Ademais, o Presidente da República, governadores, deputados (federais e estaduais), senadores e prefeitos candidatos à reeleição podem concorrer sem necessidade de afastamento dos cargos, bem como o vice-presidente da República, vice-governadores e vice- prefeitos, desde que não tenham substituído o titular nos seis meses anteriores ao pleito.

Logo, o indevido enfraquecimento da participação e da igualdade na democracia estabelecida no regime constitucional brasileiro deve ser combatido com a extensão da capacidade eleitoral passiva, não com a sua restrição.

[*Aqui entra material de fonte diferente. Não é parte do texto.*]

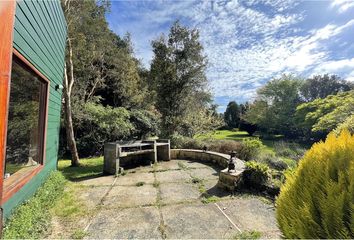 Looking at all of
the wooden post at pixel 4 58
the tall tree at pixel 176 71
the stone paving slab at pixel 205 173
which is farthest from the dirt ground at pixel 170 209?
the tall tree at pixel 176 71

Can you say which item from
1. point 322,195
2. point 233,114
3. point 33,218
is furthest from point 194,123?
point 233,114

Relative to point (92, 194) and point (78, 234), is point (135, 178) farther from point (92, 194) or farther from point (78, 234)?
point (78, 234)

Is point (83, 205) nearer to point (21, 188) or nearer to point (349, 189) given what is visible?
point (21, 188)

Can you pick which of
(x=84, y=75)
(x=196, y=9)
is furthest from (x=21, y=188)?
(x=84, y=75)

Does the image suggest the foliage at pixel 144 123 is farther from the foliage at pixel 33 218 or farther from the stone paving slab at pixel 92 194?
the foliage at pixel 33 218

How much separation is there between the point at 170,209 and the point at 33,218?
2.07m

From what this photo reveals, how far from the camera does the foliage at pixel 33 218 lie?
2.22m

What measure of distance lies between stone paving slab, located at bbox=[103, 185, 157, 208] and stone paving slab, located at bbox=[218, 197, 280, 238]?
148 centimetres

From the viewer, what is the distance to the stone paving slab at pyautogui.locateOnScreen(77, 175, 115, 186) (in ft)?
17.4

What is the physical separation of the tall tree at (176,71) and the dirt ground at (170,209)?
5632 millimetres

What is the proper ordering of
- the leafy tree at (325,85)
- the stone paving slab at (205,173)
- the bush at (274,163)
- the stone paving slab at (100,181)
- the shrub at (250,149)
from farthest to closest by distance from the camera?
the leafy tree at (325,85) → the shrub at (250,149) → the bush at (274,163) → the stone paving slab at (205,173) → the stone paving slab at (100,181)

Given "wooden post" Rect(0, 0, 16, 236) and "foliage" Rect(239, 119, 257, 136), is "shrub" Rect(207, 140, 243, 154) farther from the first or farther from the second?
"foliage" Rect(239, 119, 257, 136)

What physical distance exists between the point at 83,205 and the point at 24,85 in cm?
236

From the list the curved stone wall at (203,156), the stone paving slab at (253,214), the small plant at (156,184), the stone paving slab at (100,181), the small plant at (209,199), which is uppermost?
the curved stone wall at (203,156) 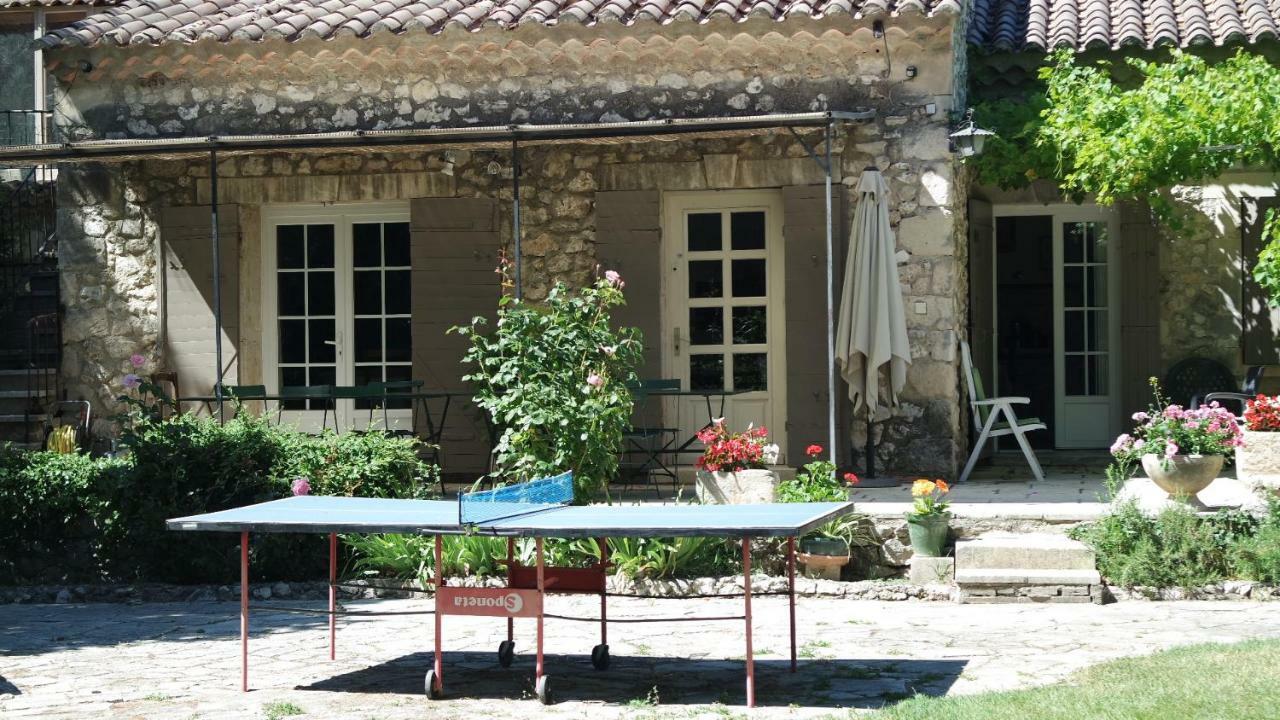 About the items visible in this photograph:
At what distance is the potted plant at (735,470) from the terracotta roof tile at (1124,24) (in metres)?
4.60

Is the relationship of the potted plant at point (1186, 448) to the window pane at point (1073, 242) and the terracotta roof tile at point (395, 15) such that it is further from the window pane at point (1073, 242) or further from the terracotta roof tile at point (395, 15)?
the window pane at point (1073, 242)

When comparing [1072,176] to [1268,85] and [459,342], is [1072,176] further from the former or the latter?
[459,342]

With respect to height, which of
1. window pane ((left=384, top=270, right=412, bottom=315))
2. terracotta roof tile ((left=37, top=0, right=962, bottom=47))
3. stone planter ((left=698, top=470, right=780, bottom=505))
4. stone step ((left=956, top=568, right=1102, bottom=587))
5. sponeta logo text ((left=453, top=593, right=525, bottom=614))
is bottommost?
stone step ((left=956, top=568, right=1102, bottom=587))

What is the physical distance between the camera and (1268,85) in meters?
10.2

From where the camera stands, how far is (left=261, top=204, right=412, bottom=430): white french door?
460 inches

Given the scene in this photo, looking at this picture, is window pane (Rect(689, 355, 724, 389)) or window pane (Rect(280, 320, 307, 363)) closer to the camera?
window pane (Rect(689, 355, 724, 389))

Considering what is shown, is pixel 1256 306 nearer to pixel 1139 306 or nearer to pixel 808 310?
pixel 1139 306

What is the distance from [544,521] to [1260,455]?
203 inches

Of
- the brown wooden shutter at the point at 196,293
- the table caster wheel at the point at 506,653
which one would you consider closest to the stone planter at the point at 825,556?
the table caster wheel at the point at 506,653

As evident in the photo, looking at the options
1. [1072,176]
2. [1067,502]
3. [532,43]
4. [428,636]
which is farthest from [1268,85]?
[428,636]

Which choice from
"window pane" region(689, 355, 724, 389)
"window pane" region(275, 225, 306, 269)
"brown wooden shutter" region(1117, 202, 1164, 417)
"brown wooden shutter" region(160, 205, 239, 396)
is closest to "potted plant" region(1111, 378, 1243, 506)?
"window pane" region(689, 355, 724, 389)

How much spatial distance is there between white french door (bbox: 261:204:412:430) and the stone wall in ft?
0.60

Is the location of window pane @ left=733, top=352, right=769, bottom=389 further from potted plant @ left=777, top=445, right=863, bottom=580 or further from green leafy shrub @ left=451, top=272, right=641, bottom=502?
potted plant @ left=777, top=445, right=863, bottom=580

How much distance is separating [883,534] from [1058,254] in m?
4.77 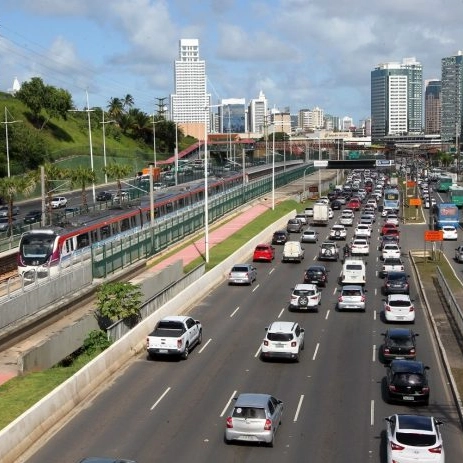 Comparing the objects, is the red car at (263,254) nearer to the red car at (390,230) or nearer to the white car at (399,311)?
the red car at (390,230)

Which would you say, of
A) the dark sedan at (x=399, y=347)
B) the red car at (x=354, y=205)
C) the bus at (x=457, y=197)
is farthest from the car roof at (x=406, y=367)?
the bus at (x=457, y=197)

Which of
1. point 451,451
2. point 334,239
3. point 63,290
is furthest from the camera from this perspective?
point 334,239

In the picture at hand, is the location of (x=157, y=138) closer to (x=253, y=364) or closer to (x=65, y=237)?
(x=65, y=237)

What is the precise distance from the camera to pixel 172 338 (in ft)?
101

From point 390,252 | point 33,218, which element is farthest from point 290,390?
point 33,218

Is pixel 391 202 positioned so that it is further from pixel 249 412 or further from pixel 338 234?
pixel 249 412

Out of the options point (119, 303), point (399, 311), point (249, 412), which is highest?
point (119, 303)

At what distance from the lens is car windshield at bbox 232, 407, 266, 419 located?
68.6 ft

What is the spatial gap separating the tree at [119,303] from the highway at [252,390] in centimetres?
314

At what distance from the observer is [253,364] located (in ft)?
99.3

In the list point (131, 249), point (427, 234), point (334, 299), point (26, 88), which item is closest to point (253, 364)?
point (334, 299)

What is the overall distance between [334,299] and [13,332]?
19.4m

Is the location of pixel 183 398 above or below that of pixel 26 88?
below

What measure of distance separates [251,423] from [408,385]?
6324 millimetres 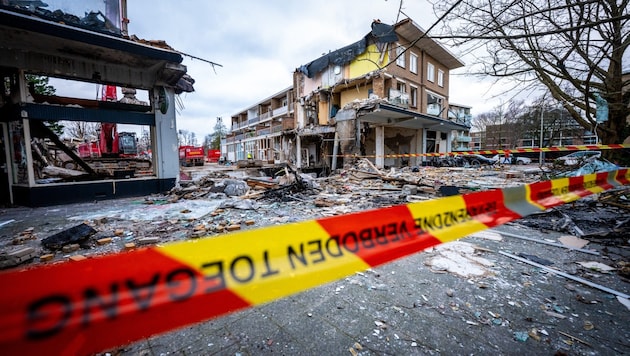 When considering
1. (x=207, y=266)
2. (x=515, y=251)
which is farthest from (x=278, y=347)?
(x=515, y=251)

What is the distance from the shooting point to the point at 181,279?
93 cm

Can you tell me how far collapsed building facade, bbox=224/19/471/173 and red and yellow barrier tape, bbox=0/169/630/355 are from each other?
46.1 feet

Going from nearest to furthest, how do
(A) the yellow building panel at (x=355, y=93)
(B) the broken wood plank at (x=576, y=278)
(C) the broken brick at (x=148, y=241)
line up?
(B) the broken wood plank at (x=576, y=278)
(C) the broken brick at (x=148, y=241)
(A) the yellow building panel at (x=355, y=93)

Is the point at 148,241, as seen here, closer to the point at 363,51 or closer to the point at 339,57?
the point at 363,51

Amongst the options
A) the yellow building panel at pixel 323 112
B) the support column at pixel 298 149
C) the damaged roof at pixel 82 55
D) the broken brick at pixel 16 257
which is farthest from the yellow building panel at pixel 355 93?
the broken brick at pixel 16 257

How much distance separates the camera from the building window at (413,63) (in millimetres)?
20219

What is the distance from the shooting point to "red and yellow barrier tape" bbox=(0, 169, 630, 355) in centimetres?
70

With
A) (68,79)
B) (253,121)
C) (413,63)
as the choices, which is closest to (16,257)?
(68,79)

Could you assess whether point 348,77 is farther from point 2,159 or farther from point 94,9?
point 2,159

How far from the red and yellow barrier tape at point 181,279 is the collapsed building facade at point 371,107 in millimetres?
14038

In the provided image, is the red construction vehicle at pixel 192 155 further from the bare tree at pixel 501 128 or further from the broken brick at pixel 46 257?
the bare tree at pixel 501 128

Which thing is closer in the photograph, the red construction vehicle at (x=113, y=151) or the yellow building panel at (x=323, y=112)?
the red construction vehicle at (x=113, y=151)

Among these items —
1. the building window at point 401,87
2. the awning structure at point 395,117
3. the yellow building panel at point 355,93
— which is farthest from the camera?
the building window at point 401,87

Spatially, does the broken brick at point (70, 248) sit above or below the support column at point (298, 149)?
below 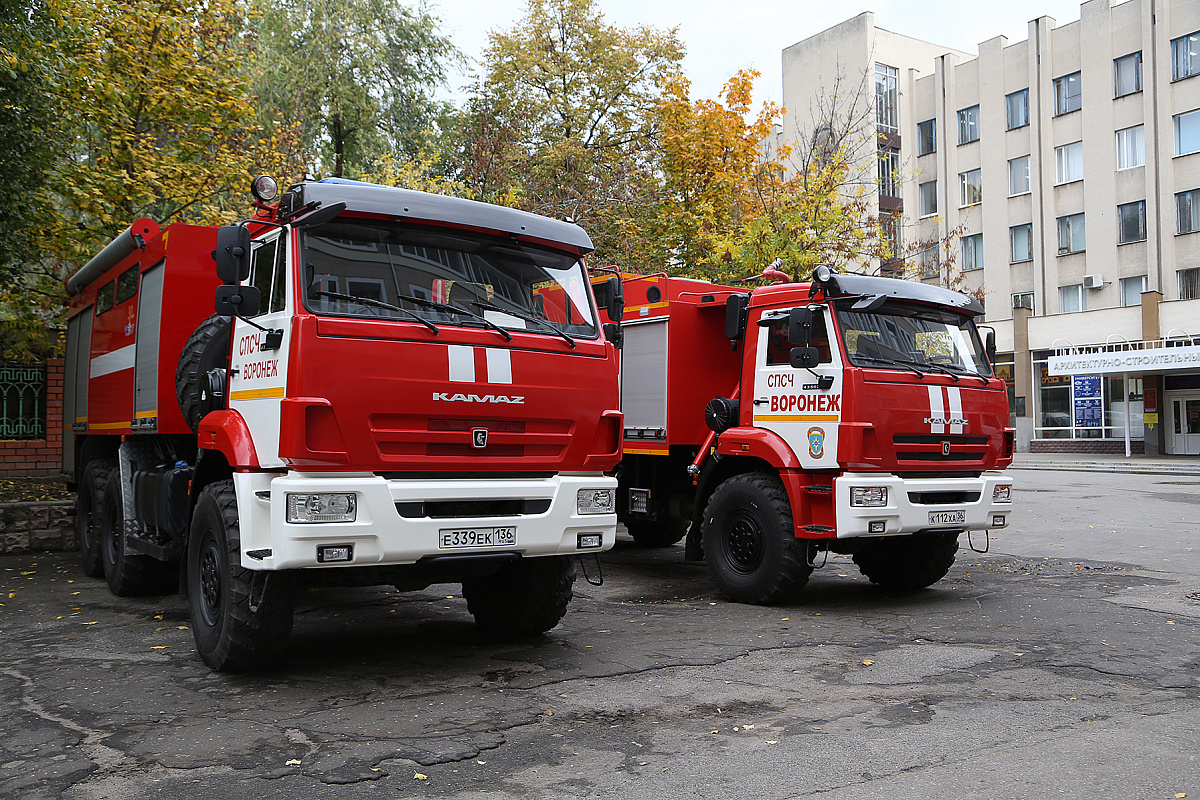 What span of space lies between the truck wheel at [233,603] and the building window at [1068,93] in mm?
37580

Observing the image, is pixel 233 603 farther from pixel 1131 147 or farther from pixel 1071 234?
pixel 1071 234

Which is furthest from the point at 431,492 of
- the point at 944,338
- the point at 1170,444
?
Answer: the point at 1170,444

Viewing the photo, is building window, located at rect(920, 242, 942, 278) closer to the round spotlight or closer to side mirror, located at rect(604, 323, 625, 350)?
side mirror, located at rect(604, 323, 625, 350)

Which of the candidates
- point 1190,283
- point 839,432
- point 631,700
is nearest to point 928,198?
point 1190,283

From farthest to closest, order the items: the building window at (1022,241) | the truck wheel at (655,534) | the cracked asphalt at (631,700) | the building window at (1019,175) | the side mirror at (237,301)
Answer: the building window at (1019,175), the building window at (1022,241), the truck wheel at (655,534), the side mirror at (237,301), the cracked asphalt at (631,700)

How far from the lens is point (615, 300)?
7254 millimetres

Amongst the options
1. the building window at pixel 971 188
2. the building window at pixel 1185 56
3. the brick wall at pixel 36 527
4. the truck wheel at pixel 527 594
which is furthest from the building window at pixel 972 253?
the truck wheel at pixel 527 594

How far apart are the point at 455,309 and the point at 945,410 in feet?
15.1

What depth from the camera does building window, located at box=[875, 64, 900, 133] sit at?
42.5 m

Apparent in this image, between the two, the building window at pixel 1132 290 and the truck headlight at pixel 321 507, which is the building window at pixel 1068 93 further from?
the truck headlight at pixel 321 507

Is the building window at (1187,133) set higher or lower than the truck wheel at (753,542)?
higher

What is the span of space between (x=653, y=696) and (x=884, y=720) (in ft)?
4.17

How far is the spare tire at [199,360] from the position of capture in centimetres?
721

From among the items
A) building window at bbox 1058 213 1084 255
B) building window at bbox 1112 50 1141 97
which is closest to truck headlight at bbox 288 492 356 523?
building window at bbox 1058 213 1084 255
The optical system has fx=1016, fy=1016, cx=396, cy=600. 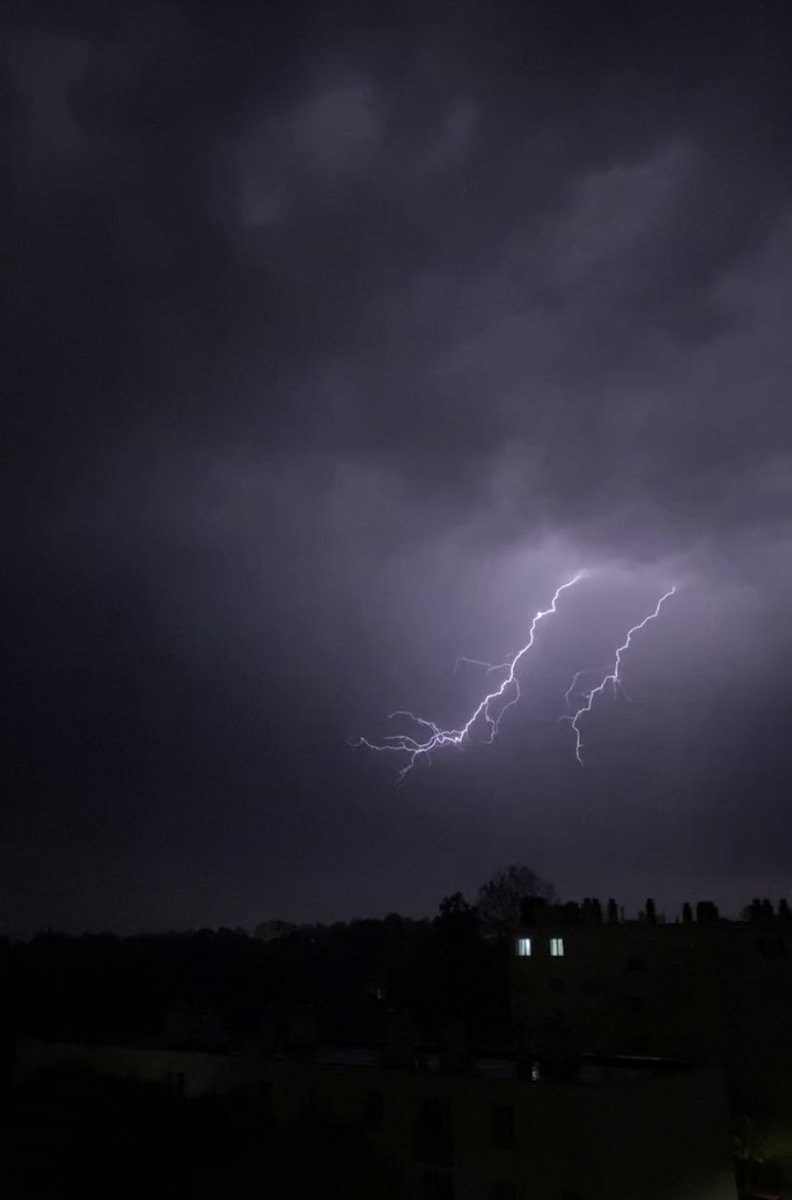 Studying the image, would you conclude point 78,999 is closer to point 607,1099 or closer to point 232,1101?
point 232,1101

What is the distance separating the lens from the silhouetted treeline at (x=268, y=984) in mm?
51781

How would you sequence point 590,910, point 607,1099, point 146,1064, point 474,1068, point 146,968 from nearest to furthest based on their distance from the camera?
1. point 607,1099
2. point 474,1068
3. point 146,1064
4. point 590,910
5. point 146,968

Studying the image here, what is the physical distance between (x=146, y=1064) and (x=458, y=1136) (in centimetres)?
991

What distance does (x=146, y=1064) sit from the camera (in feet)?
89.6

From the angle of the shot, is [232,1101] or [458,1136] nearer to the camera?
[458,1136]

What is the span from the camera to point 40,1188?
2166 centimetres

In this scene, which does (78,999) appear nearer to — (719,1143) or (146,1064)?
(146,1064)

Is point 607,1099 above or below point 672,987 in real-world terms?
below

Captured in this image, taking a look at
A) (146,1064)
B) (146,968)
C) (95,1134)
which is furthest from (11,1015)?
(95,1134)

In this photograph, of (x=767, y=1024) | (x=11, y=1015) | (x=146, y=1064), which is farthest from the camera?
(x=11, y=1015)

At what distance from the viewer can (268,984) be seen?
58.2 meters

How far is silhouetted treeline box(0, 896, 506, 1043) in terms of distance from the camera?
51.8 m

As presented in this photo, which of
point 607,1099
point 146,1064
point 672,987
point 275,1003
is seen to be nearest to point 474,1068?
point 607,1099

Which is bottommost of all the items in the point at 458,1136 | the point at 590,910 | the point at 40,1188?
the point at 40,1188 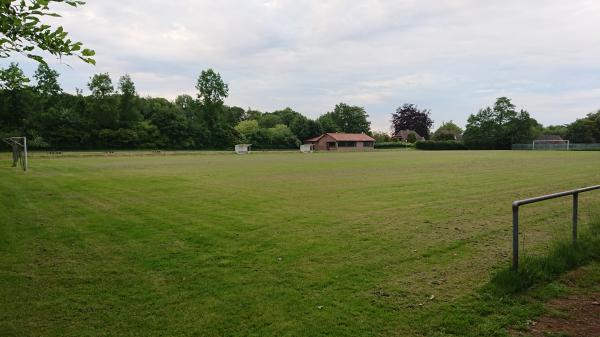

Destarte, a elegibilidade é direito constitucional que traduz a expressão máxima do exercício da cidadania, a tal ponto que a sua mitigação coloca em xeque a própria existência do Estado de Democrático de Direito.

É premente que se deixe claro a seriedade do assunto ora discutido, em que restou comprovado na presente nota, que a proposta visa barrar a candidatura de militares, retirando por 5 (cinco) anos seus direitos políticos. É premente que se deixe claro a seriedade do assunto ora discutido, em que restou comprovado na presente nota, que a proposta visa barrar a candidatura de militares, retirando dos militares por 5 (cinco) anos seus direitos políticos.

A ANERMB não se furtará em colocar à disposição de todos os militares estaduais nossa estrutura jurídica para refutar qualquer tentativa inconstitucional de afronta às garantias e prerrogativas dos militares estaduais.